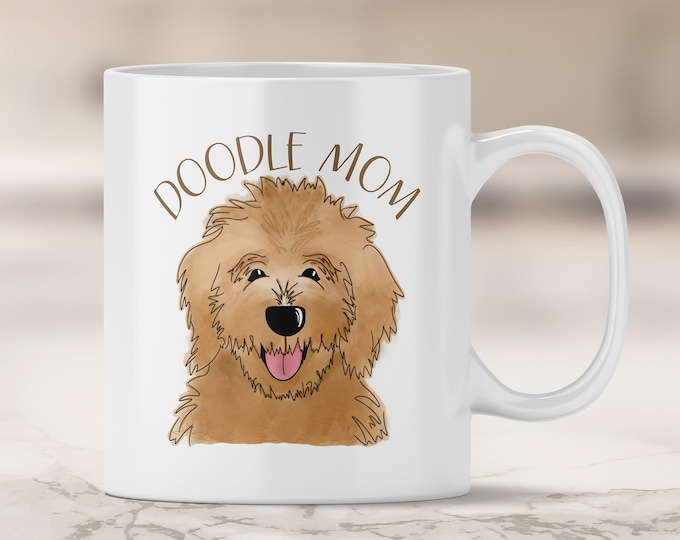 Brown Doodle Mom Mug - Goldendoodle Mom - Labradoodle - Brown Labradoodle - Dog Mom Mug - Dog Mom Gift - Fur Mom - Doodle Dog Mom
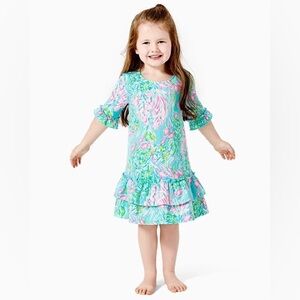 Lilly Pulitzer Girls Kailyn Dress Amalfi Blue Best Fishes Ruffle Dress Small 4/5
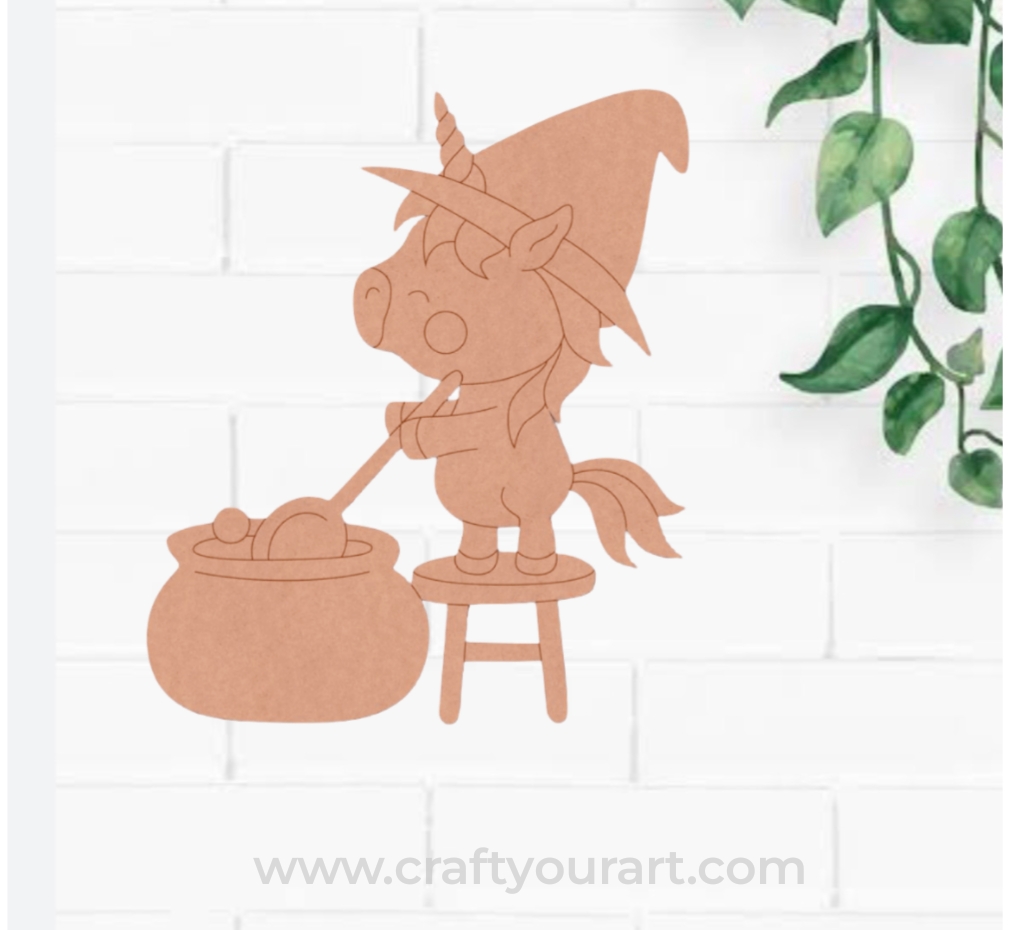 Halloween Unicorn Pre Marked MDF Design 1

================================

What is needed: Quote the material exactly. Pictures stay out.

Response area:
 Brown Doodle Mom Mug - Goldendoodle Mom - Labradoodle - Brown Labradoodle - Dog Mom Mug - Dog Mom Gift - Fur Mom - Doodle Dog Mom
 Lilly Pulitzer Girls Kailyn Dress Amalfi Blue Best Fishes Ruffle Dress Small 4/5
 Halloween Unicorn Pre Marked MDF Design 1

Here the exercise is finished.